• [Required work]
Your task is to reproduce the listing exactly, without its images.

• [Data]
____________________

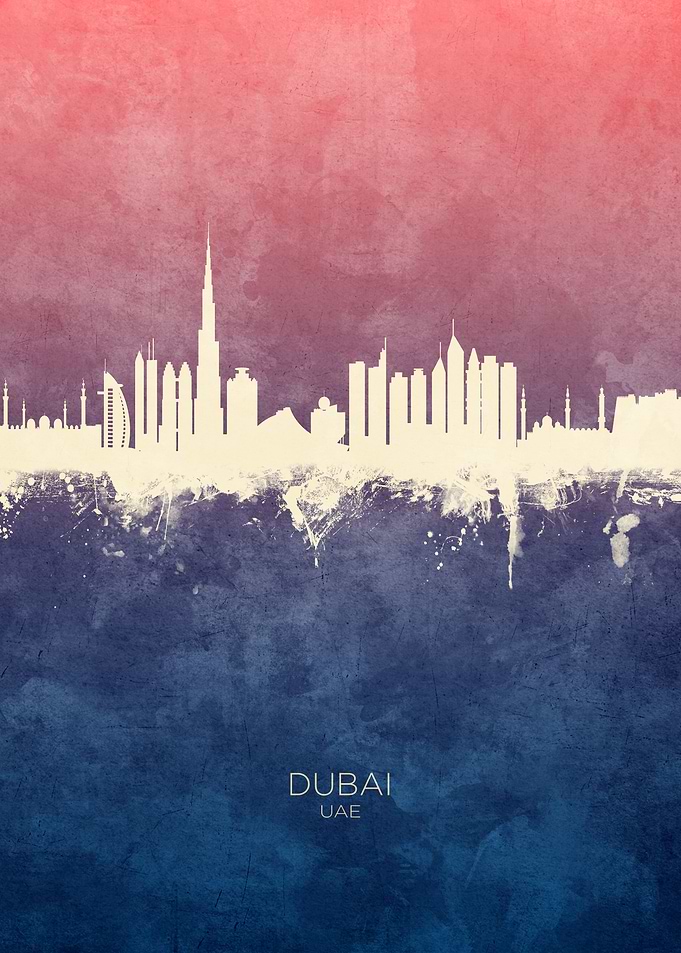 Dubai UAE Skyline
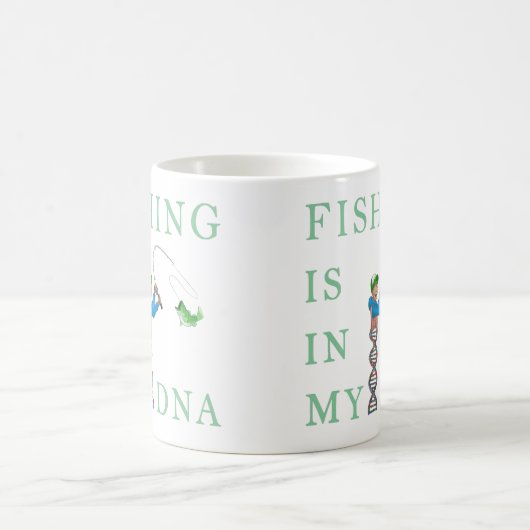 Mug La pêche est dans mon ADN (Centre)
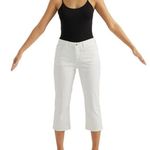 Lee Womens 16 White Mid Rise Regular Fit Denim Capri 22" Inseam NWT Photo 10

____________________

• [Answer for this exercise]
 Dubai UAE Skyline
 Mug La pêche est dans mon ADN (Centre)
 Lee Womens 16 White Mid Rise Regular Fit Denim Capri 22" Inseam NWT Photo 10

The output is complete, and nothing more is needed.